> [Work to complete]: Only lines, not pictures: please repeat exactly the lines from the one with "Cozy bedroom with" through the end of the listing.
[Available data Boundary: Start]
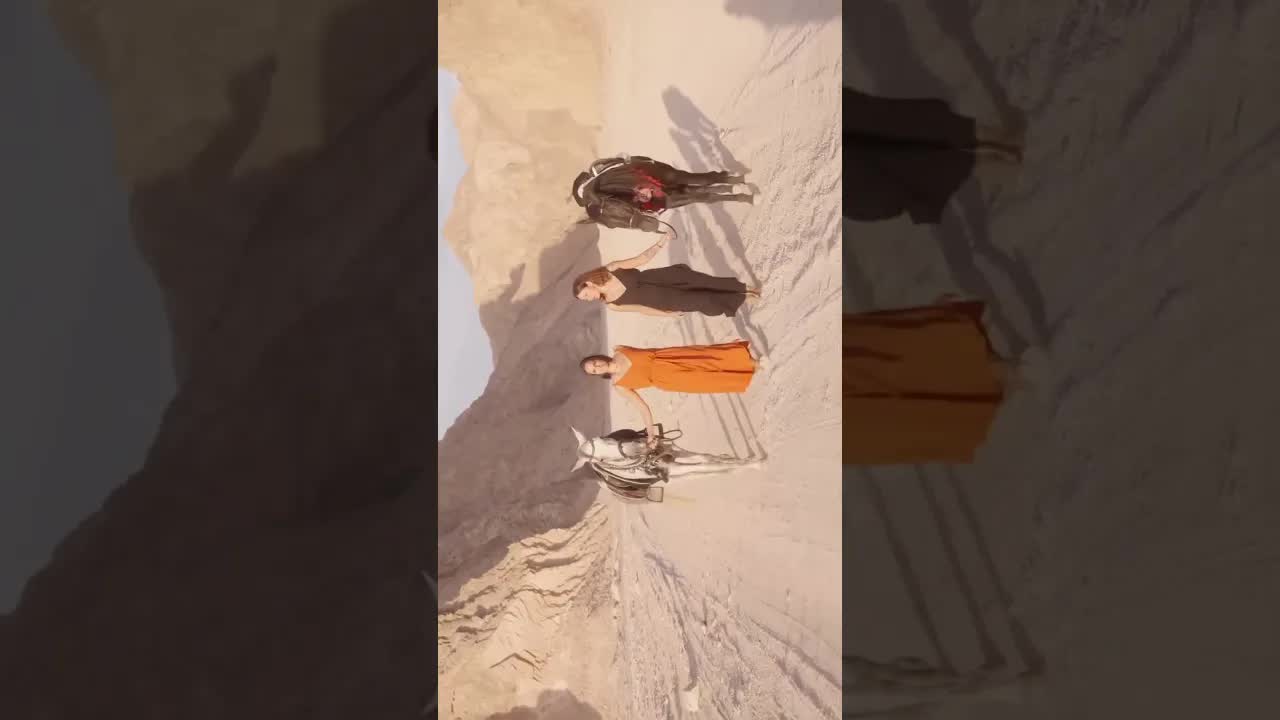 Two women, two souls, riding through the silence of Wadi Gnai.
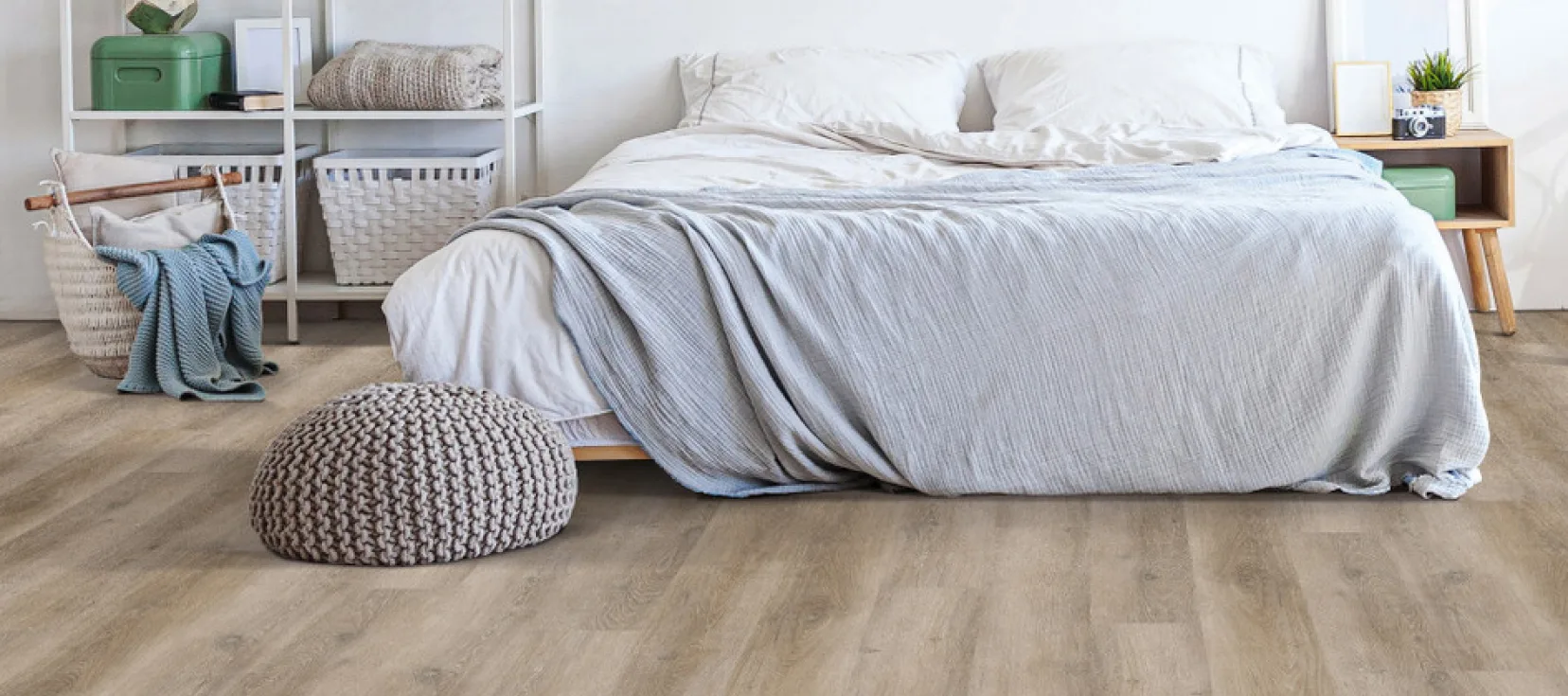 Cozy bedroom with light wood flooring and a neatly made bed with a light gray blanket.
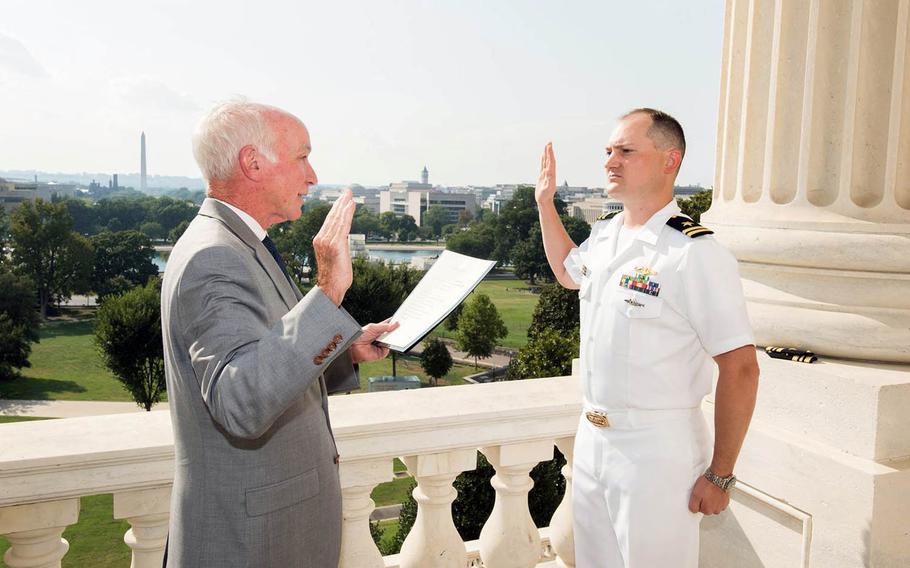 Jonathan Cebik takes the oath for promotion to lieutenant commander, administered by U.S. Rep. Joe Courtney, D-Conn., on Sept. 7, 2016.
[Available data Boundary: End]
> [Result of this task]:
 Cozy bedroom with light wood flooring and a neatly made bed with a light gray blanket.
 Jonathan Cebik takes the oath for promotion to lieutenant commander, administered by U.S. Rep. Joe Courtney, D-Conn., on Sept. 7, 2016.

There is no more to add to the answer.